Family in Need

Jul 21, 2008 09:33

 
It was the cardboard sign attached to her back, written in red paint. I always look at these people closely, the ones begging at intersections and red lights, the ones who make me feel uncomfortable. Do they look needy enough? I never believe those whose tennis shoes are newer and more expensive than my four year old Nikes.

As a person who drags my butt out of bed to go to work everyday, I really had problems with people begging. Then, I became a single mom. A single mom who the courts let down by refusing to issue child support to - twice. You think it doesn’t happen, try getting divorced in Lawrence County. I still work - everyday. And, I do jobs after work to bring in money. My home is a trailer, my credit cards paid; yet with the ins and outs of doctor bills and everyday life, we barely survive.

There have been times in my own life when I have prayed that God would allow others to see my need. Times when I have made others aware of my need. I’ve now seen others look at me and feel uncomfortable. Couples at church thrust money in my hand and tell me they love me. Others look away and say I should just get another man or should have chosen better the first time. Some, those childless people who don’t see beyond the money issue, direct me to just make my son’s father take him. To give my son up just because of money? The thought horrifies me and I’m grateful these people don’t have children themselves.

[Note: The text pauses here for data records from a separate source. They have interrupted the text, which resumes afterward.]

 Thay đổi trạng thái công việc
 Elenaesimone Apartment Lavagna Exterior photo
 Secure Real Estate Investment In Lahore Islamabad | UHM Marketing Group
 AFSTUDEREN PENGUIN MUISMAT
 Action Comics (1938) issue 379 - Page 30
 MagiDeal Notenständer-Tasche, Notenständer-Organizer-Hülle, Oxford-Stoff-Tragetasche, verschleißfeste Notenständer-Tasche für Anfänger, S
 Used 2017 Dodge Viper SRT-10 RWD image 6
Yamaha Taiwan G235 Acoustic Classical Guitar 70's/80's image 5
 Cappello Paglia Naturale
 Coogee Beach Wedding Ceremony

And then I began to see them. Women begging for their family. Until this summer I have never seen a woman begging. It made me angry at first: How dare she make me feel uncomfortable? How dare she look me in the eye and ask for help? How could I possibly help? At the end of any given month, I’m down to my last five bucks. I know the value of five dollars. On five dollars I can feed myself and my son for two days and a breakfast. I drove past the first two women I saw begging, yet their images wouldn’t leave me.

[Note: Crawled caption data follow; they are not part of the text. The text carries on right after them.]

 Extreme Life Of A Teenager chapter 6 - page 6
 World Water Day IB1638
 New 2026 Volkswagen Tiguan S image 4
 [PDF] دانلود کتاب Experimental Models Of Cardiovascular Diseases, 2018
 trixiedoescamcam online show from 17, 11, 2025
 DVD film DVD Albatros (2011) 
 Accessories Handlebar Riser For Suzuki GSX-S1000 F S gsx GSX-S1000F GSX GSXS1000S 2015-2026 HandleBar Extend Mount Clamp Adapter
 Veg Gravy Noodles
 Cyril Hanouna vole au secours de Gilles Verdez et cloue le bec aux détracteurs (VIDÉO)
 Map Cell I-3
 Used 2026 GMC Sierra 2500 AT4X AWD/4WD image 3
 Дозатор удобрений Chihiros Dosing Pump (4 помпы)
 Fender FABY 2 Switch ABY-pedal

I was once standing on the side of the road. In five days the Chevy truck I was driving would be taken from me. I would be divorced. All the money gone from the bank account, I was out of gas. Tearfully, I began walking. I stood by a stop sign and watched as the passing cars eyed me curiously, noting the red gas can in my hand. A policeman passed me twice, looking away each time. I felt surely he would be my hope, my help. Yet he refused to see me. The three dollars in my pocket bought a gallon and a half of gas. I headed home, saddened more by those who refused to help than by my plight.

I learned something the first moment I saw that woman in the black shirt and torn shorts wearing flip-flops, standing by the road, a cardboard sign resting against her thigh: Family in need. I’m blessed. I’ve never been reduced to the cardboard red painted sign. I always pull over now, rolling my window down and asking, "Ma’am, do you need some groceries," handing a bag of five dollar’s worth of food out my window. Ever grateful they answer, "God bless you." Yes, I am blessed.